In response to a post about how to calculate the value of an email address, Benry comments that the value can’t be determined simply by looking at email marketing campaign results, because

We use email to market to people, but also to support communication or to enable sales staff to converse with [customers] in the manner best suited to their needs.”

Good point, Benry. But, no offense, it’s a good answer to a question that should never have been asked.

Asking “what’s the value of an email address?” is like a baker trying to figure out the ROI on flour. She can’t do that. She can compute an ROI on the finished product — the cake — but not on the individual components of the cake.

An email address is like flour — it’s raw material. If we’re going to compute the “return on customer” (SM rights to Peppers and Rogers), then we can’t compute a return on all the individual elements that go into “making” that customer. That’s what an email address is — something that (presumably) helps us create a loyal, profitable customer.

What it means: Marketing is wasting its time trying to quantify the value of an email address.

The “value” is in determining: 1) who the best customers and prospects were; 2) the best offer to make to them; and 3) the best way to reach them; and 4) their email address if email is the best way to reach them. Step #5 is execution (the firm still has to invest in running the campaign). If you didn’t invest in all five steps, there would be no “value” to that email address.

What Should Marketing Do?

1) Distinguish between cost and value. There is no inherent value or ROI of an email address. The ROI comes from the utilization of the asset (in this case the email address). Which is not to say that marketers shouldn’t focus on the cost and quality of that email address. How much should the firm invest in acquiring email addresses? Which email addresses are higher quality than others? These are the questions marketers should address. But to answer them, marketers are going to have to….

2) Define who the firm’s best customers and prospects are. Plenty of marketing departments have customer segmentation approaches, but few really identify who, across the segments are the best customers (current and potential). And even among the firms that have done this, few have been able to drive those definitions down to the investment allocation level. When you show senior execs who the most valuable customers and prospects are — and that the best way to reach them is through email — then they’ll be more likely to invest in acquiring their email addresses.

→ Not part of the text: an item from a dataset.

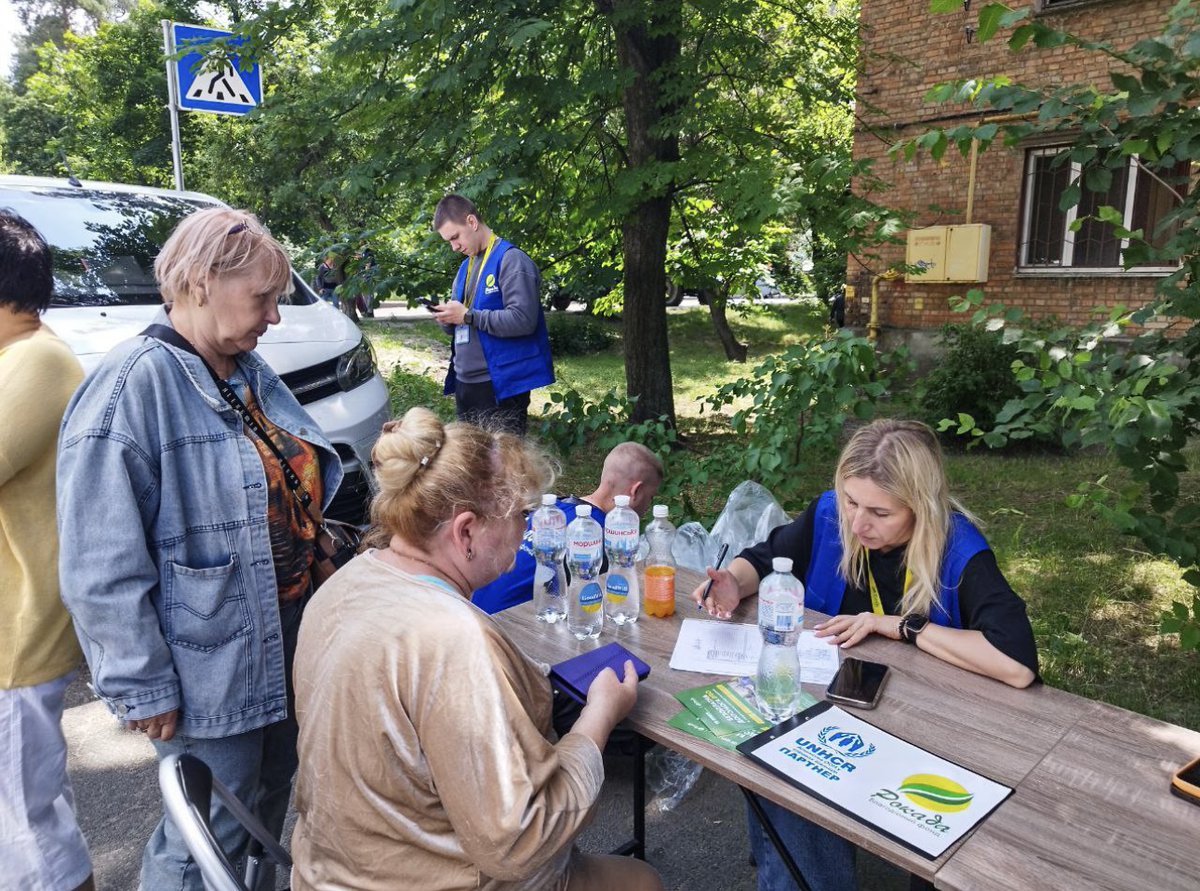 UNHCRUkraine's tweet photo. The massive Russian night attack on Ukraine🇺🇦, primarily targeting Kyiv, as well as other regions, disrupted lives, damaging homes &amp; social infrastructure.

UNHCR's partner, @ROKADA_CF, has been supporting affected families in shock with vital aid since morning. https://t.co/TmiOkM8RKT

3) Talk about opportunity costs. Running into senior execs’ offices with calculations on the value of an email address doesn’t improve Marketing’s reputation or its desire to be more strategic. Marketing needs to show that the relevant metric here isn’t ROI, but opportunity cost. What is the opportunity cost of not acquiring email addresses? What would we do with that money that could help produce a better return on our investment? This is how Marketing shifts the focus from the micro to the macro, and becomes more strategic to the firm.